The reasons I love using Google Sheets for distance learning is the answer verification aspect. This year I am teaching in a hybrid model. Half of my students are in person, and the other half are live stream at home. I always do what I can to help my students learn, but they can be at home with their siblings, or with parents working from home. There’s really no telling what kind of distractions my students are dealing with when they learn from home. With answer verification, my students at home will have the opportunity to assess their own learning.

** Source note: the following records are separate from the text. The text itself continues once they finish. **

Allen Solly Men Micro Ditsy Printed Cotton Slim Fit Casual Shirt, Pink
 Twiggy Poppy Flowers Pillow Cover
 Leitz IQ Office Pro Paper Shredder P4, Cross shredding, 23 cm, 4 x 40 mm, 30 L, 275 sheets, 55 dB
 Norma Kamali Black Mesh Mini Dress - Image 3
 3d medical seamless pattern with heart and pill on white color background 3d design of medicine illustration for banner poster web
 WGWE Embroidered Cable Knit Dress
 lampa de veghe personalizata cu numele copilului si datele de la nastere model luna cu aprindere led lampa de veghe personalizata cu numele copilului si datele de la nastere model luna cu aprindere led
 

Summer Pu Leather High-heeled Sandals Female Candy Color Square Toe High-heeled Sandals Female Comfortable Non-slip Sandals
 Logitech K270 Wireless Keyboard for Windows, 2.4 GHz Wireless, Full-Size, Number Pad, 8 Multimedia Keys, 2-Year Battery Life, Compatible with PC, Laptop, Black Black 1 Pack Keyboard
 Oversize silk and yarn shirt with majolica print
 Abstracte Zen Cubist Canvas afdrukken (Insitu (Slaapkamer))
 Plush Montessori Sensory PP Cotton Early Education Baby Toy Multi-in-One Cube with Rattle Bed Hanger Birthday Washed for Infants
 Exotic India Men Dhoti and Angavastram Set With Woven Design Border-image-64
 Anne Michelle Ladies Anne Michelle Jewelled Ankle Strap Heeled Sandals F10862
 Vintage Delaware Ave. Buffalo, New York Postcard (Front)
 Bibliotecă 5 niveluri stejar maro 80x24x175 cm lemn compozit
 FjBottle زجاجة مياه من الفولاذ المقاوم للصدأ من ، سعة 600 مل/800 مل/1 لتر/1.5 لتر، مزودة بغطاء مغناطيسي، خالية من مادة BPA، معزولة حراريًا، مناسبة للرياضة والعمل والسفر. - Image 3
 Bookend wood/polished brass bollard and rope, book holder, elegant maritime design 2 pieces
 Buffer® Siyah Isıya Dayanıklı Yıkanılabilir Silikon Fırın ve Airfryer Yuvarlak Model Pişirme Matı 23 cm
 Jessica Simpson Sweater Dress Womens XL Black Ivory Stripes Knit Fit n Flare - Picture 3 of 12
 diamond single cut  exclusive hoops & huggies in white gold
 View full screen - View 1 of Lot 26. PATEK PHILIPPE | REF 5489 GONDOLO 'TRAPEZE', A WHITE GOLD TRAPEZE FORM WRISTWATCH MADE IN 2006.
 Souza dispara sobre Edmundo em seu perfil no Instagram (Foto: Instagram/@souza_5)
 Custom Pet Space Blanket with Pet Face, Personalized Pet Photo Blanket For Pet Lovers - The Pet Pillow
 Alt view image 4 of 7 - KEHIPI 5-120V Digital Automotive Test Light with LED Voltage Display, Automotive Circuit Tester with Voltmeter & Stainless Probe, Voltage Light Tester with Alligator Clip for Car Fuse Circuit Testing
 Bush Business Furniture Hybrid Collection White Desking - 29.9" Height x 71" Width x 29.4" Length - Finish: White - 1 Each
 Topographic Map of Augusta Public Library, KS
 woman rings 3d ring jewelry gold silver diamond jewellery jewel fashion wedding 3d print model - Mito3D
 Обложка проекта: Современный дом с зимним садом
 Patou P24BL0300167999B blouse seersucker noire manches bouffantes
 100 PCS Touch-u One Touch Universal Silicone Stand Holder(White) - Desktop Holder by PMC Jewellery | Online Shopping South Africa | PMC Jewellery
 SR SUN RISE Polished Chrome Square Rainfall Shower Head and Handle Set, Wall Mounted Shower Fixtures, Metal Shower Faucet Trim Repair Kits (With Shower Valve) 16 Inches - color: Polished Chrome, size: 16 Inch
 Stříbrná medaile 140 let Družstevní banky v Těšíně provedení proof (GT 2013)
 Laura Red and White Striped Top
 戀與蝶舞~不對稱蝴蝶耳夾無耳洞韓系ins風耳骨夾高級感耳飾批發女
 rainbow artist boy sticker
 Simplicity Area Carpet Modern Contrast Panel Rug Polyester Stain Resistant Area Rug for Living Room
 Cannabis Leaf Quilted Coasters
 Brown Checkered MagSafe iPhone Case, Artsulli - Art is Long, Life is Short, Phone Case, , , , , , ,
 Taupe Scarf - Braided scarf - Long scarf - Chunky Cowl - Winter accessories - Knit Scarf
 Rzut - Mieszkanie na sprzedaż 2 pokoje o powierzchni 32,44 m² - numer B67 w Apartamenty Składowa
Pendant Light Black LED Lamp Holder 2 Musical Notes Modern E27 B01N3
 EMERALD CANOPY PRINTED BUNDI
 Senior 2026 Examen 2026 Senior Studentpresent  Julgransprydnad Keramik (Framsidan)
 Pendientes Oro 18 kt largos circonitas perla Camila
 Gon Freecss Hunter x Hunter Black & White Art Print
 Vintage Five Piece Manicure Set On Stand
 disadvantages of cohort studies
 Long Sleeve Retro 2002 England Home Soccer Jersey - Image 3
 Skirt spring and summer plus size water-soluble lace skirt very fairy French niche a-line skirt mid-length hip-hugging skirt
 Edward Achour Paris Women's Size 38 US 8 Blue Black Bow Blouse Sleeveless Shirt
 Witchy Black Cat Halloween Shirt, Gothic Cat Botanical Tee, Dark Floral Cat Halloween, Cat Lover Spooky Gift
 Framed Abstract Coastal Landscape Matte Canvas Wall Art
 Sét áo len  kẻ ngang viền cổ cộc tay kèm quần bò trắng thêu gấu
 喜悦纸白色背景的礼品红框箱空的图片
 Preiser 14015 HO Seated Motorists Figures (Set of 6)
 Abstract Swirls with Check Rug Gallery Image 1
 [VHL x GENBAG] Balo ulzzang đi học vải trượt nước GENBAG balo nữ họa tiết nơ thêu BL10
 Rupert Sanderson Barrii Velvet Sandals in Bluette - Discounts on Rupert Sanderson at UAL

Parents also enjoy the answer verification that Google Sheets provides. They know exactly what, if and how much their child learned from their lesson that day. This is especially true because I teach chemistry. This isn’t like second grade math that basically everyone knows. Chemistry is mostly specialized, and I wouldn’t expect parents to know everything that I teach to a depth that they can help their kids at home.

Answer verification makes it nearly instantaneous for me to grade these assignments. I can also gauge how well my students are learning at a glance. When the students are working I can easily jump into their Google Sheets to see their progress. If you’re super interested in “not actually having to grade stuff” hacks, you can check out this blog post about how I use Google Forms in my classroom.

My Pixel Art Activities for Chemistry

I’ve been creating these Google sheets pixel art activities for primarily math topics within chemistry. I find that this helps my students evaluate their answers and check for significant figures (which they need help with). I’ve branched out to using these Google Sheets activities with other questions as well. I recently did it for physical and chemical changes and properties. On the whole, I wouldn’t say I liked one type more than the other. I have so much fun creating them and sharing them with my students is always a blast. You can check out my collection of Google Sheets pixel art activities for chemistry here.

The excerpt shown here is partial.